From   Matt Dobra <[email protected]>
To   [email protected]
Subject   Re: st: xttobit
Date   Fri, 27 Feb 2004 17:41:05 -0500

Sophia,

In general, with the default 12 quadratures, most of my estimated betas have a relative difference of between 1-4%, and a few are estimated with a very high relative difference, sometimes over 50%. I presume that I am running into this problem because some of my independent variables are time-invariant within groups. .

Thanks for offering to help me with this. There are actually 30 regressions I want to run...10 different dependent variables, each with three different sets of independent variables, captured in a macro called `vars'. Any guidance you could give me in how to generally set up a random effects tobit using gllamm would be greatly appreciated.
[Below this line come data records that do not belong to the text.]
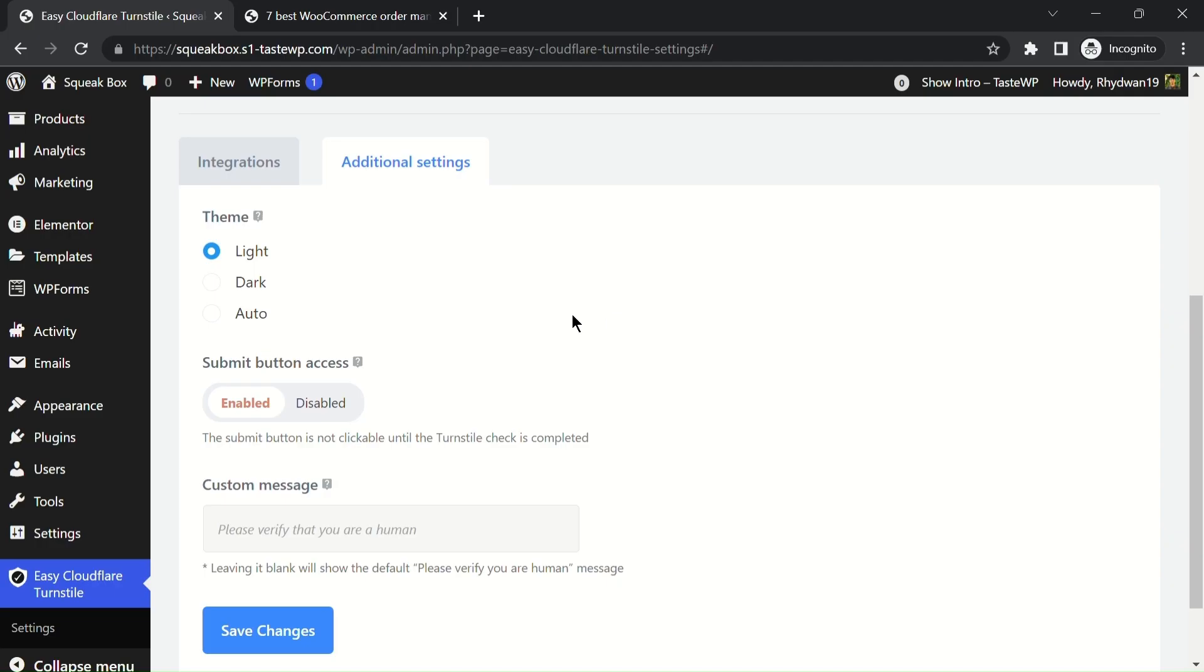The next new feature we're going to look at is the theme selector for the turnstile widget. This allows you to choose the look and feel of the widget to match your website's theme. Let's try the dark theme for example.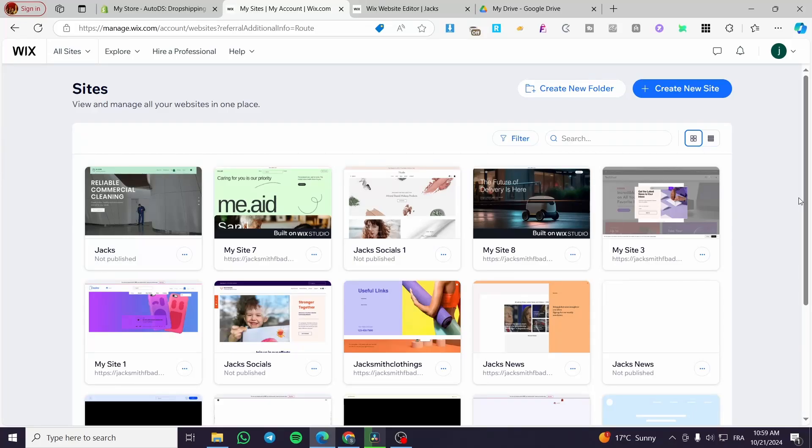How to create a multi-vendor marketplace in Wix. Hello guys and welcome to this new video.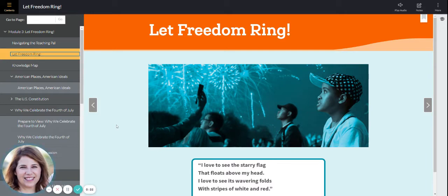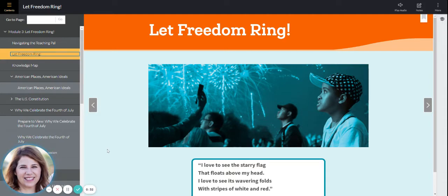Last week you started Let Freedom Ring. We are going to continue that theme in this week's reading module. We have two stories that we are going to study.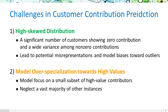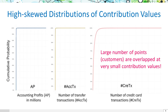We face two challenges. The first is the high-skewed distribution of contribution values — many are at zero with extreme variance in the non-zero range, risking misrepresentation and outlier bias. The second is model over-specialization, where high-value contributors may overlook the broader customer base. We consider three types of contributions: accounting profits in millions, number of transfer transactions, and credit card transaction counts. The cumulative probability distributions for these are markedly skewed, with a significant overlap of customers at the lower end of contribution values.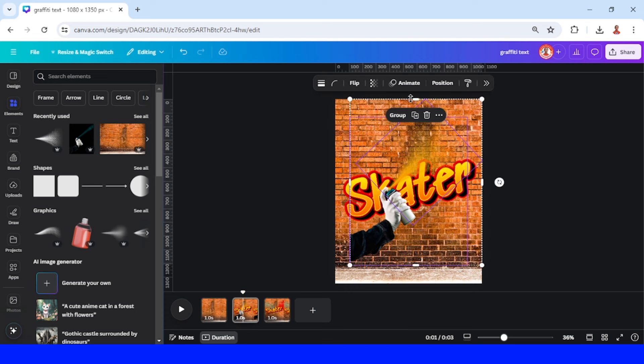Now select these two elements — the hand and the spray effect — and then group them and place the group here. Now select the text and then crop it like this. We will keep it simple.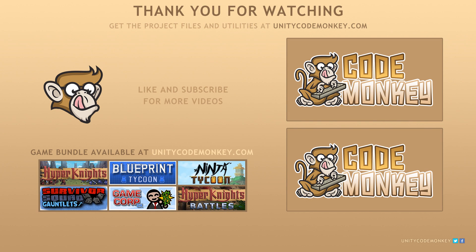As always, you can download the project files and utilities from unitycodemonkey.com. Subscribe to the channel for more Unity tutorials, post a new question in the comments and I'll see you next time.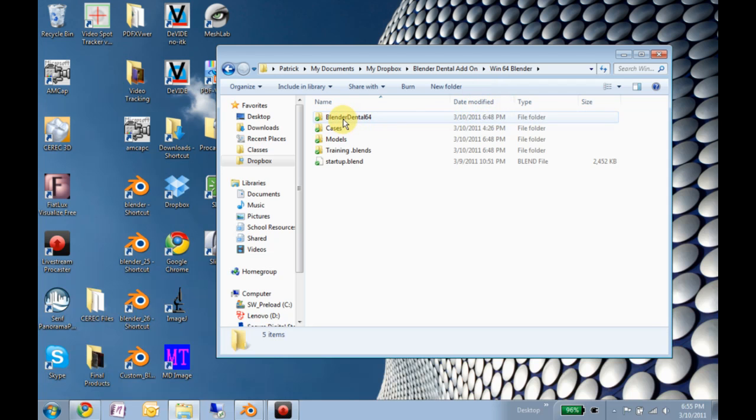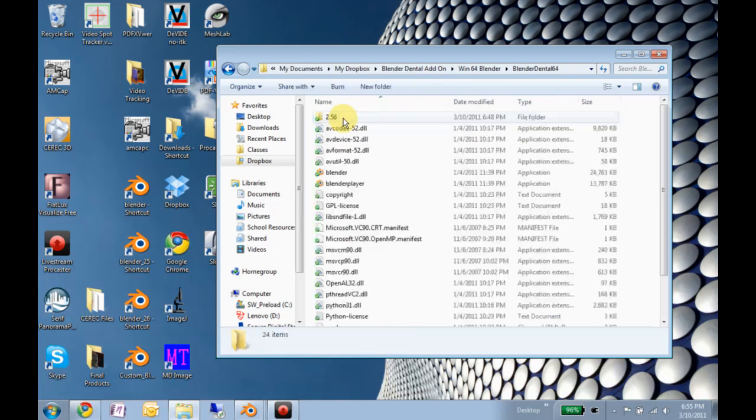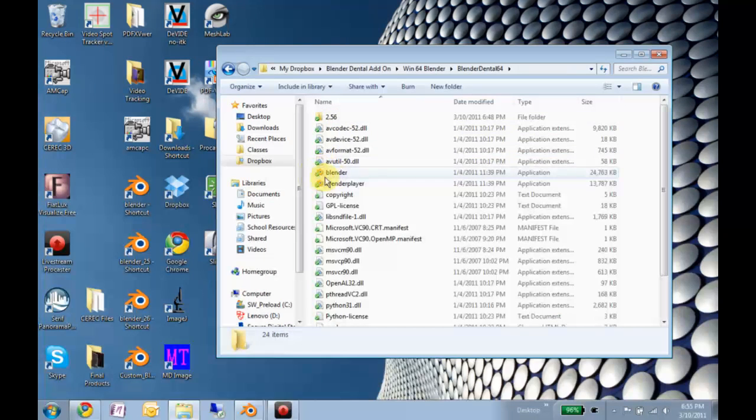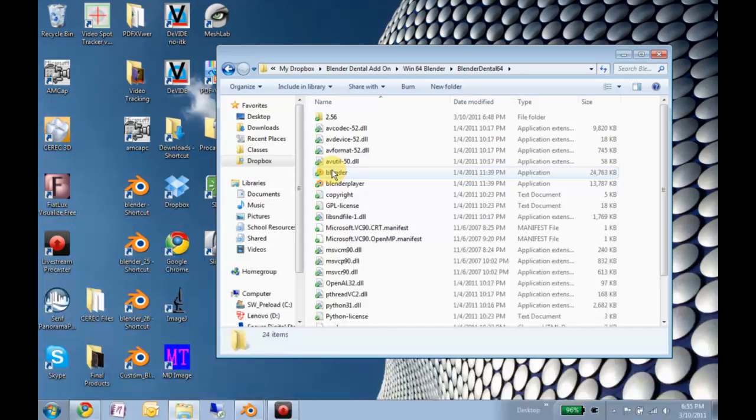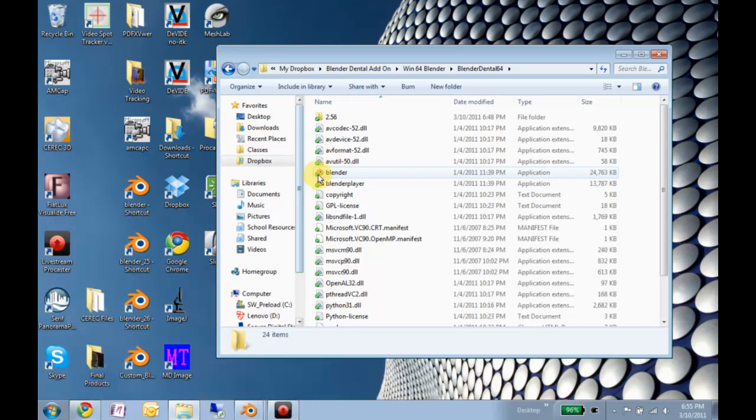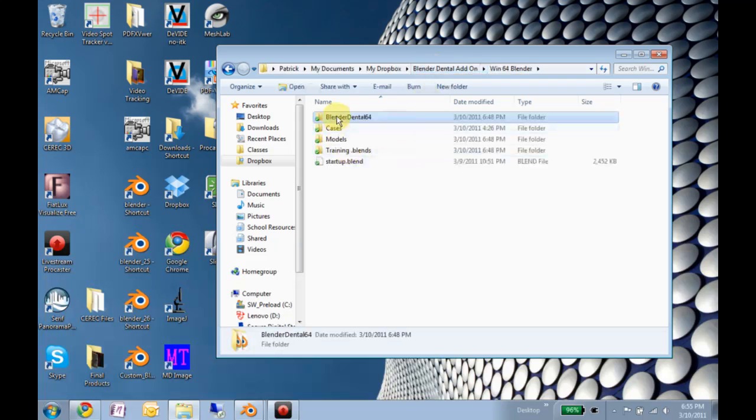In the Blender Dental 64 or 32, there'll be this Blender application. You can make a shortcut to that and put it on your desktop. Later you can just take this whole folder and copy it.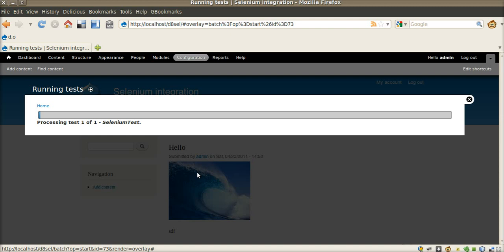The first test creates a node and upload image to it. And then check that image exists on the node view page.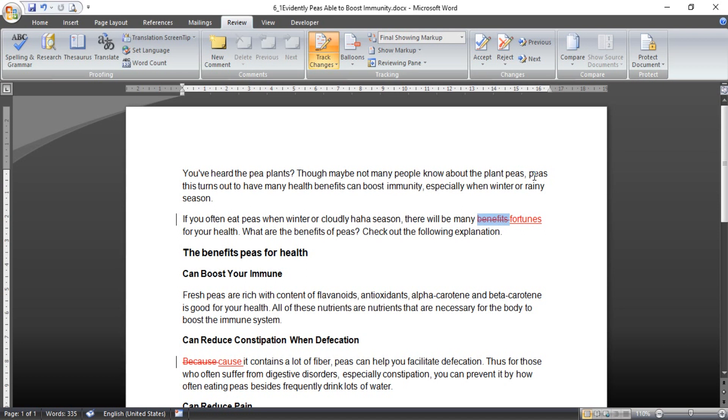Okay, that's all about how we can use track change in Microsoft Word and short function explaining about track change. Okay, thanks for watching and bye bye.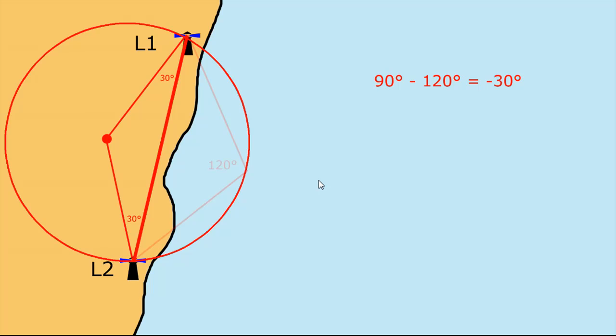So that's a very quick explanation of how to deal with horizontal sextant angles of greater than 90 degrees. I hope it was of use.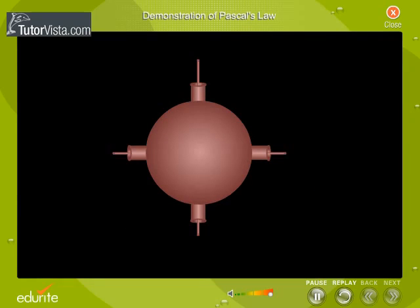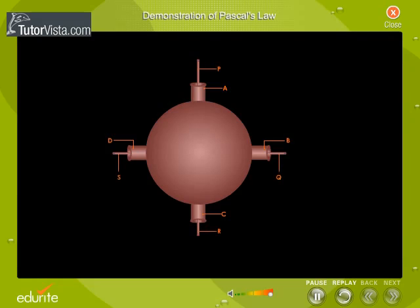Shown on your screen is a vessel having a number of openings. These openings are furnished with projecting tubes of cross-section area A, B, C, and D. These projecting tubes are fitted with airtight pistons P, Q, R, and S, which are capable of sliding into the projecting tubes.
The general form of all of the random effects tobits I want to run is:
xttobit zteq `vars', ll(0) ul(100) i(sys_id)

Each of the dependent variables has a name starting with the letter "z" (e.g. zteq, zdeq, zieq), so for simplicity, I could do the data manipulation within a loop like:

. foreach var of varlist z* {
. stuff
. }

Again, thanks for any help you can give me.

Matt

Sophia Rabe-Hesketh wrote:


Matt,

If the estimates seem robust with 30 quadrature points,
why not use 30?

However, if you are not sure that the estimates are robust,
you could use adaptive quadrature which is implemented in
gllamm (see http://www.gllamm.org). In situations where
ordinary quadrature performs poorly, adaptive quadrature tends
to be more reliable, see e.g.

Rabe-Hesketh, S., Skrondal, A. and Pickles, A. (2002).
Reliable estimation of generalised linear mixed models
using adaptive quadrature. The Stata Journal 2, 1-21.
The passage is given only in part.